Jax Delroy’s defining trait is a deeply ingrained, systematic paranoia. He runs constant threat assessments on everyone in his operational radius, updates them based on micro-expressions and deviations from expected behavior, and assumes every piece of intel is compromised until independently verified. This hypervigilance has kept him alive for decades, but it has also rendered him incapable of genuine trust or rest.

He exercises patience as a tactical weapon, willing to spend months waiting for the precise moment to act rather than risk a premature move. His detachment is clinical: he does not get angry, raise his voice, or indulge in cruelty for its own sake. Violence, when it occurs, is swift and impersonal, a function of mission parameters. Delroy possesses a cold empathy—the ability to model what people want and fear—and uses it to unsettle targets with calm, factual descriptions of consequences rather than overt threats.
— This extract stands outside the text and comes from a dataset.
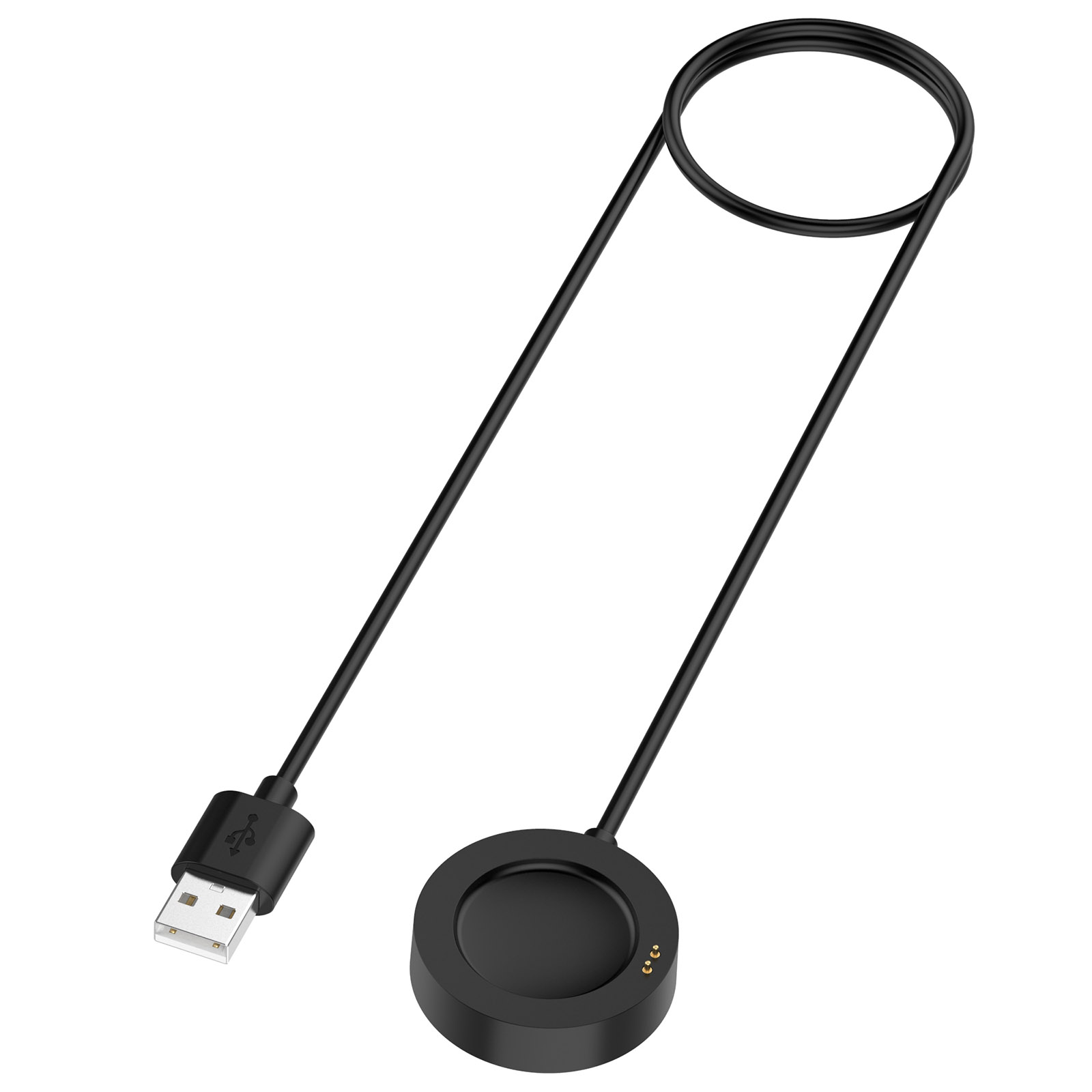 White Charger Cable For Xiaomi - Xiaomi Smartwatch S4 Accessories ulasan dan harga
His promotion by Vance has only sharpened these traits. With fewer constraints and more authority, he has become more aggressive and more willing to accept collateral damage as an acceptable cost. He adapts to shifting parameters without hesitation, a man who has optimized himself for a permanent state of war.

Relationships

  • Undersecretary Helena Vance: Their connection is one of mutual utility. She gave him authority and a chance to redeem his failure on S-219; he provides her with direct control over the retrieval operation. Communication is terse and professional, absent any pretense of personal loyalty.

  • Cade Brennan: Delroy regards the Valkyrie’s leader with something close to professional respect—the closest he comes to a positive feeling. Brennan’s escape made him an adversary worth taking seriously, and Delroy has adjusted his threat assessment accordingly, approaching him with a careful, almost collegial tone in their encrypted communications.

  • Seren Varga: The crew’s pilot is flagged as a high-priority wildcard. Delroy knows about her sealed TSN discharge and the classified whispers surrounding it, so he considers her a combat-trained threat whose removal would cripple the group’s mobility and morale.

  • Tobias Kinnas: Delroy views the youngest crew member as a potential weak point. He has assessed Tobias as a candidate for extraction of actionable intelligence if captured, though this assessment underestimates the depth of Tobias’s loyalty to the crew.

  • The Kill-Team: Delroy’s relationship with his operatives is purely operational. He issues orders, evaluates performance, and replaces underperforming members without sentiment. The team respects his competence but would not describe him as someone they trust.

Speech Pattern

Delroy speaks in a measured, unhurried cadence, each word chosen and weighed before delivery. His natural register is the clipped precision of a man accustomed to encrypted comms where clarity equals survival; he avoids contractions when being precise, lending his speech a formal, clinical quality. When maintaining cover, he can slip into the rougher patterns of a miner or inspector, but the performance is conscious and temporary.

He opens conversations with facts, not threats. His sentences are short and declarative, built around concrete actions and consequences. Silences between statements are deliberate, allowing the weight of information to settle. With targets, he uses this formal register to radiate control rather than force—an implicit demonstration that the outcome is already determined. With superiors, his tone flattens further, all emotion stripped away, a self-protective measure that ensures he gives away nothing.